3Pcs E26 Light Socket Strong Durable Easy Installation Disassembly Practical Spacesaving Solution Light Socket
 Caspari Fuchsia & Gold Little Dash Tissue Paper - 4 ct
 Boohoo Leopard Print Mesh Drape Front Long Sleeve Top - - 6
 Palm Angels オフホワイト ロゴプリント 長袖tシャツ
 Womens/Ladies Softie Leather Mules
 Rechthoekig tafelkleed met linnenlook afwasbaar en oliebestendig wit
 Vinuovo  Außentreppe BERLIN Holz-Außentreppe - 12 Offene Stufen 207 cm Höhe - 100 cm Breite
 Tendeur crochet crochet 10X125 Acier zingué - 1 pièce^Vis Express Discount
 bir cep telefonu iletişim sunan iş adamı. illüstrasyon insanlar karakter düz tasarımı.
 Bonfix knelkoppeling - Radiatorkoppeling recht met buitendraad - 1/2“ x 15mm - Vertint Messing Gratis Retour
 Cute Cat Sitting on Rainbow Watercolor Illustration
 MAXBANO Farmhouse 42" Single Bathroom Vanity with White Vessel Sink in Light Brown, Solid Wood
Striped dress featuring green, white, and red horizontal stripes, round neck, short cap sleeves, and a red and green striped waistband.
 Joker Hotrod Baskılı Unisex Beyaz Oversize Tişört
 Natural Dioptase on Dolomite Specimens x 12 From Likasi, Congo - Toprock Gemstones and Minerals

•••

Pull every line containing "Light" from the entries above and copy it.

3Pcs E26 Light Socket Strong Durable Easy Installation Disassembly Practical Spacesaving Solution Light Socket
 MAXBANO Farmhouse 42" Single Bathroom Vanity with White Vessel Sink in Light Brown, Solid Wood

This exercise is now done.